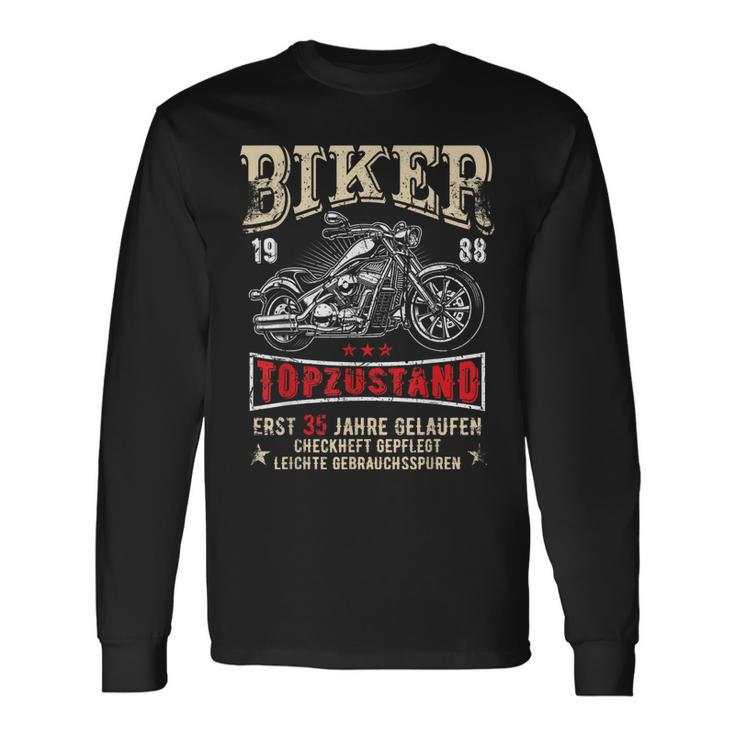 Herren 35 Geburtstag Mann Biker Geschenk Witzig Motorrad 1988 Langarmshirts Geschenkideen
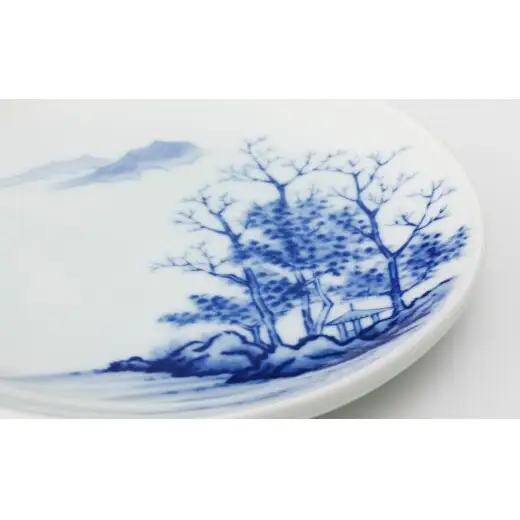 有田焼 絵変山水 銘々皿揃【深川製磁】食器 器 うつわ 和食器 銘々皿 取り皿 小皿 伝統工芸 染付 手描き 山水画 有田山水 セット aa062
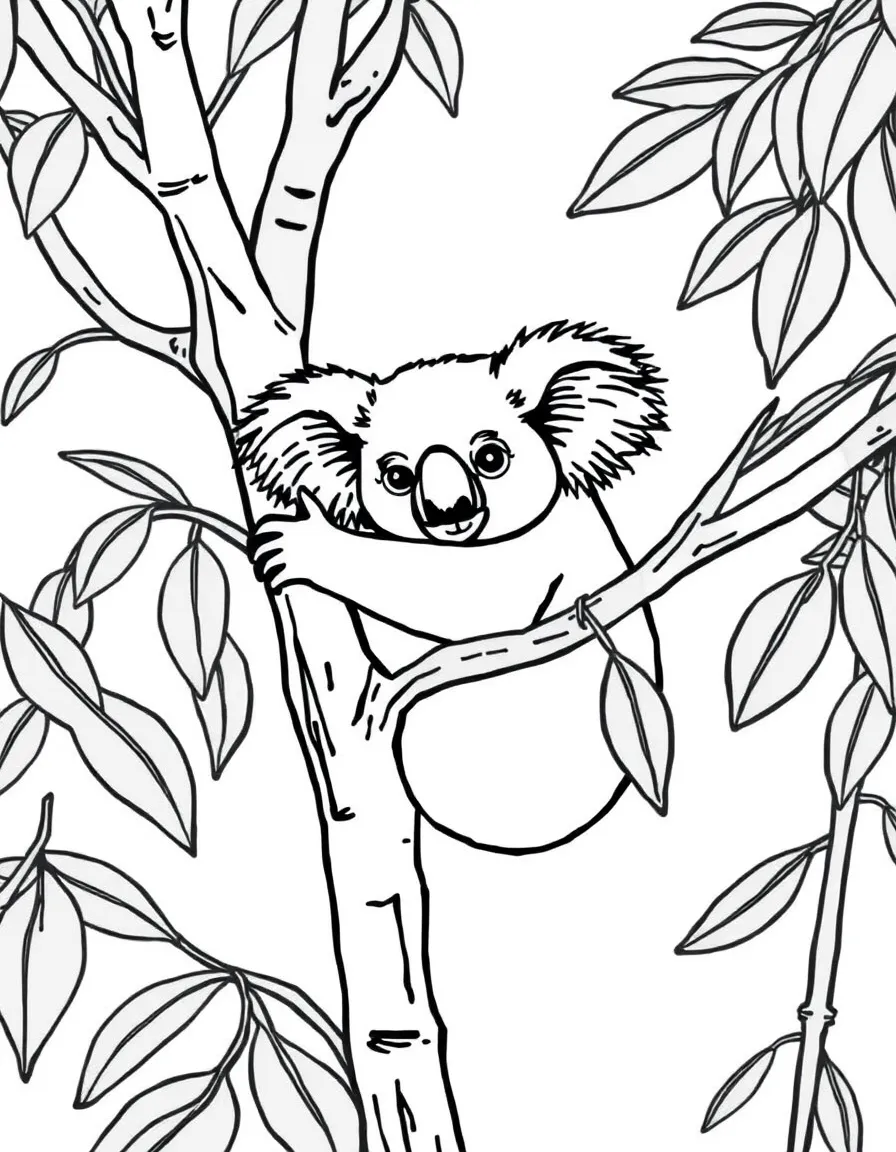 A koala climbing a tree in Australia.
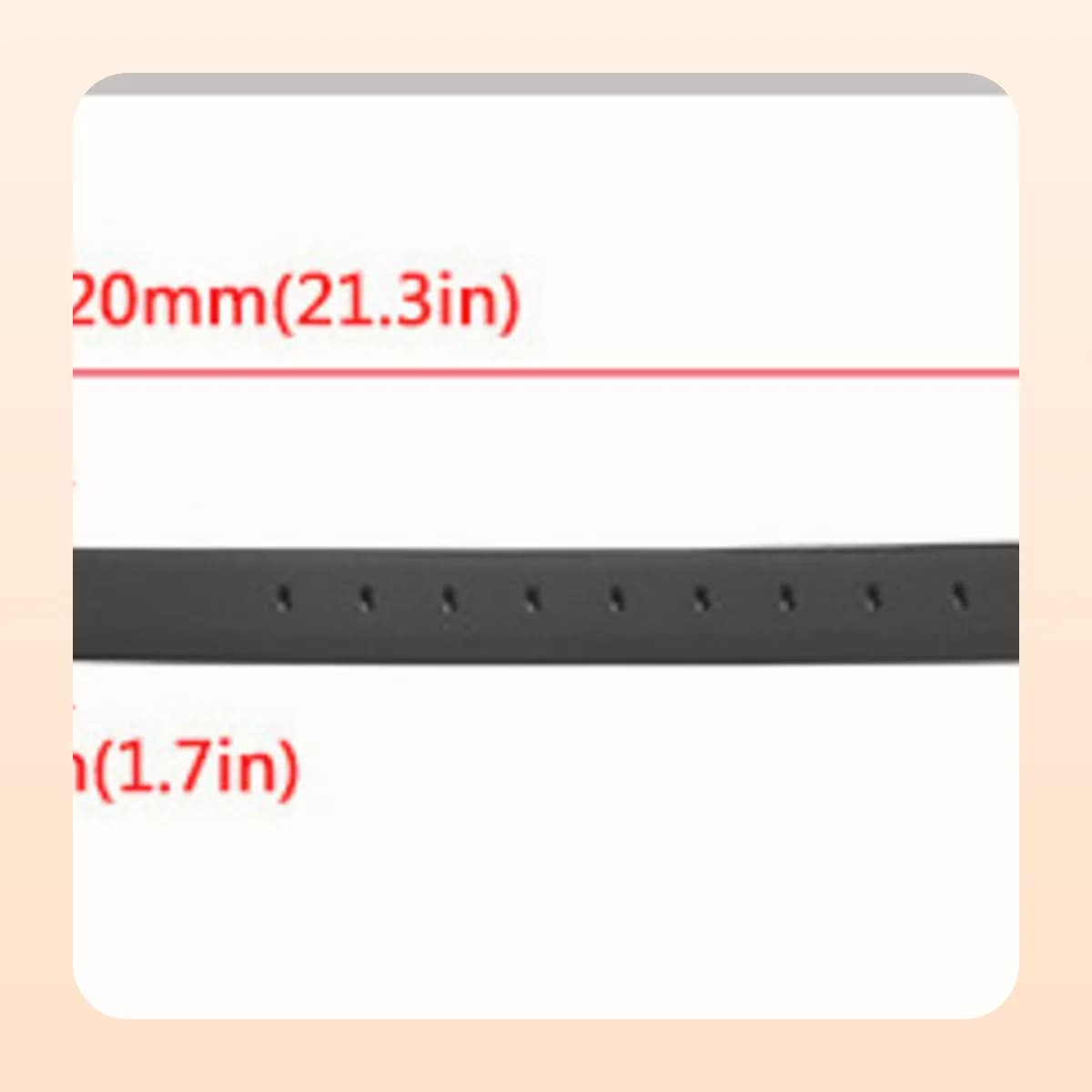 Kindral AirTag collar dimensions: 520 mm long, 20 mm wide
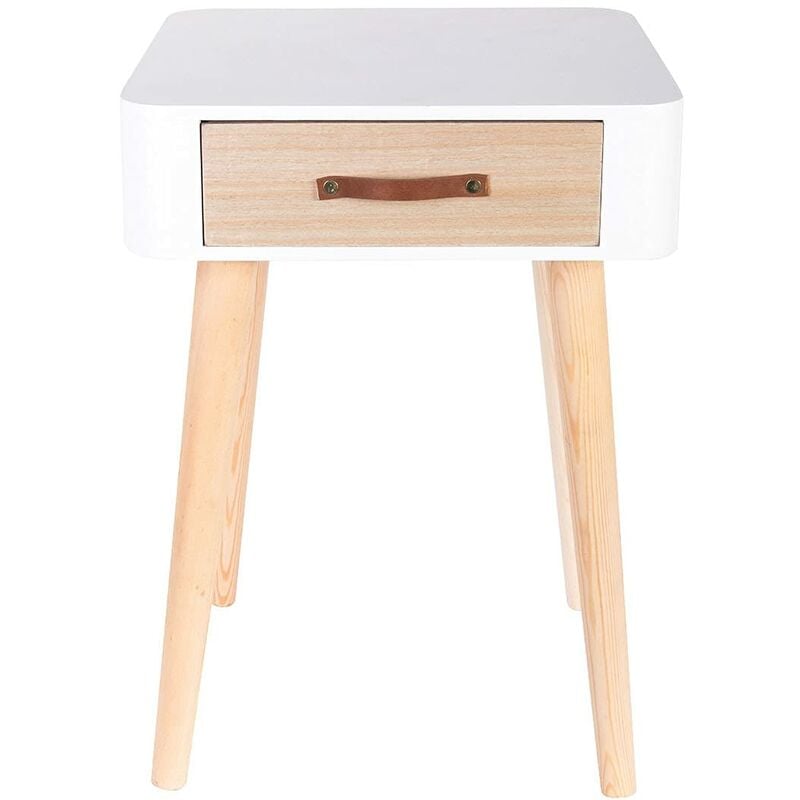 foto del prodotto home deco factory tavolo, legno, bianca, 35 x 35 x 48 cm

┄┄┄┄┄┄

- TO DO -
Now reproduce all of the entries precisely, with no pictures in the copy.

- ANSWER TO THIS EXERCISE -
 Herren 35 Geburtstag Mann Biker Geschenk Witzig Motorrad 1988 Langarmshirts Geschenkideen
 有田焼 絵変山水 銘々皿揃【深川製磁】食器 器 うつわ 和食器 銘々皿 取り皿 小皿 伝統工芸 染付 手描き 山水画 有田山水 セット aa062
 A koala climbing a tree in Australia.
 Kindral AirTag collar dimensions: 520 mm long, 20 mm wide
 foto del prodotto home deco factory tavolo, legno, bianca, 35 x 35 x 48 cm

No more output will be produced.